I will agree with many he has crossed lines gentle behaviour. Some times he is making mistake of dehumanizing opponents which many indins are also doing. If we do not like somebody it is better to walk away. Most educated people make mistake of over reading and over stretching and massaging and drawing swift conclusions which are already drawn and they write same. Educated people develop arrogency and become proud of their knowledge= which is information. While half educated person like me we are not sure as we have no most information. There is tendency to "quote" some body . We are still mental slaves in many way some body says it is in holy roman script english and return by white person is truth. Look at all postings and observe that, they do not post of locals as locals are suspect. I personally get upset and angree about it.

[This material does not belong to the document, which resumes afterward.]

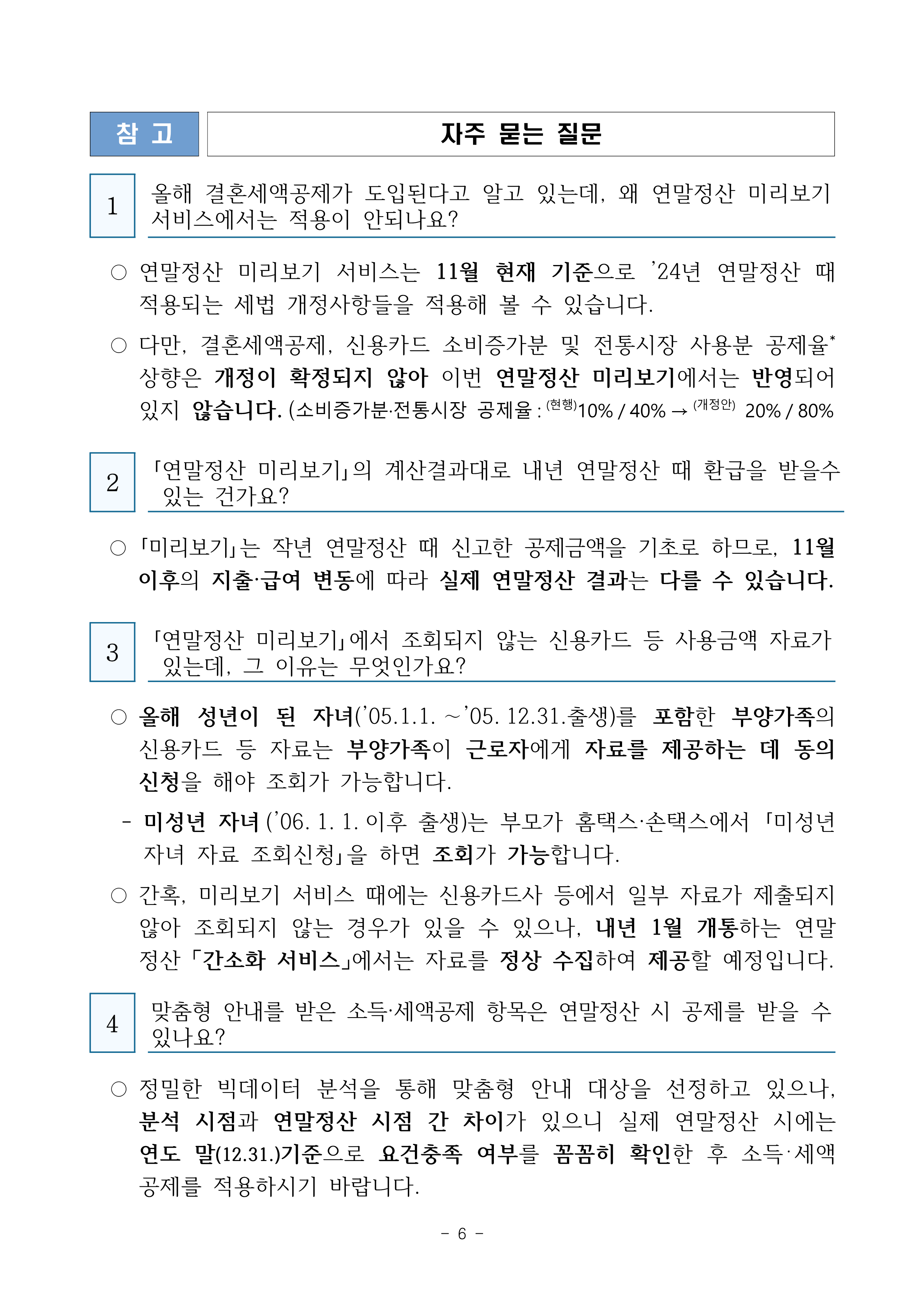 연말정산세액공제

This newspaper should really cut people when they start putting redigested same stuff as original. I second masadi in this matter as he redicules copied stuff.
I feel you can think of getting mild and nt getting personal. Your friend had great loss but look here in city 32 people are slaughtered including 11 today. If look outside there 4 million refugees , 99% are innocent and have lost dear once, their possessions, house, cattle are systematically destroyed by Helicopter Gun ships and F-16 as usual given by American thugs to make others die. My rough estimate is about 30,000 people may be killed after new president came in power. How you know Prof. R.Haq is not affected. Many pakistanis are visited by misery ( many times more than Bombay attack ) I know many people who have lost their children , wives, brothers in going carnage for last year of so. So please be bearing knowing last 60 years mind poisoning is going on fortified by Indian direct involment in breaking country in Half. So most habitually think India is involved. They may be involved but not 200% as govt says. We are not going through easy time like india. People are frustrated , depressed and ANXIOUS what is in Future. So people are on edge so please be kind and just like your friend may 50 to 60 times more people are affected and prof. R.Haq may be affected.
I request you to be polite and do nt get personal.
Good luck and good day.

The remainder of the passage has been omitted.